■ INPUT:
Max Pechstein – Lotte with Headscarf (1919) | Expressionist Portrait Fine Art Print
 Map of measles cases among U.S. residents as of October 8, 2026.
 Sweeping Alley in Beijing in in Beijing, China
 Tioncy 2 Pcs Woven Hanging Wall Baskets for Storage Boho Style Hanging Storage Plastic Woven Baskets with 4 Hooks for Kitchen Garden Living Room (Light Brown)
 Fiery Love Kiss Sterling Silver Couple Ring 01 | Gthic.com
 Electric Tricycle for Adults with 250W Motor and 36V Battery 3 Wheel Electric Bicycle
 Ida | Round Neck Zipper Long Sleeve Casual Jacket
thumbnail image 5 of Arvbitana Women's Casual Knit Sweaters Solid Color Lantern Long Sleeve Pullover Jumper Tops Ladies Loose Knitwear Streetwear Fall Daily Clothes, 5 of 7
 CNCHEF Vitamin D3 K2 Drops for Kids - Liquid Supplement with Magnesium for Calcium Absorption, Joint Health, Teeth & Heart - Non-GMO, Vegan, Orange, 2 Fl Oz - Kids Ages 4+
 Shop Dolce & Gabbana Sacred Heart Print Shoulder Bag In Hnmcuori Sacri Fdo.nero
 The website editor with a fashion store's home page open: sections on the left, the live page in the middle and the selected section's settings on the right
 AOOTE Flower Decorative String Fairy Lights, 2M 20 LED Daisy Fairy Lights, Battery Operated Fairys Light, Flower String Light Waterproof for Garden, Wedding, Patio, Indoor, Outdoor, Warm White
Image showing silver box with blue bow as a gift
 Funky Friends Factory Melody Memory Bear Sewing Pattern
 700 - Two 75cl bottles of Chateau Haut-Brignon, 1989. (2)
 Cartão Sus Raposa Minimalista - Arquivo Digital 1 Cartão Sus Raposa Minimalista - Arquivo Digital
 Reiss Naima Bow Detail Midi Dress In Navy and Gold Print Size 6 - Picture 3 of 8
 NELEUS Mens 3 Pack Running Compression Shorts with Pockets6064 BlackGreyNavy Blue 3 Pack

■ PROBLEM TO WORK ON:
All that should appear in the response is the run of lines from the first line of the entries through the line containing "AOOTE Flower Decorative", copied exactly.

■ RESPONSE TO THE TASK:
Max Pechstein – Lotte with Headscarf (1919) | Expressionist Portrait Fine Art Print
 Map of measles cases among U.S. residents as of October 8, 2026.
 Sweeping Alley in Beijing in in Beijing, China
 Tioncy 2 Pcs Woven Hanging Wall Baskets for Storage Boho Style Hanging Storage Plastic Woven Baskets with 4 Hooks for Kitchen Garden Living Room (Light Brown)
 Fiery Love Kiss Sterling Silver Couple Ring 01 | Gthic.com
 Electric Tricycle for Adults with 250W Motor and 36V Battery 3 Wheel Electric Bicycle
 Ida | Round Neck Zipper Long Sleeve Casual Jacket
thumbnail image 5 of Arvbitana Women's Casual Knit Sweaters Solid Color Lantern Long Sleeve Pullover Jumper Tops Ladies Loose Knitwear Streetwear Fall Daily Clothes, 5 of 7
 CNCHEF Vitamin D3 K2 Drops for Kids - Liquid Supplement with Magnesium for Calcium Absorption, Joint Health, Teeth & Heart - Non-GMO, Vegan, Orange, 2 Fl Oz - Kids Ages 4+
 Shop Dolce & Gabbana Sacred Heart Print Shoulder Bag In Hnmcuori Sacri Fdo.nero
 The website editor with a fashion store's home page open: sections on the left, the live page in the middle and the selected section's settings on the right
 AOOTE Flower Decorative String Fairy Lights, 2M 20 LED Daisy Fairy Lights, Battery Operated Fairys Light, Flower String Light Waterproof for Garden, Wedding, Patio, Indoor, Outdoor, Warm White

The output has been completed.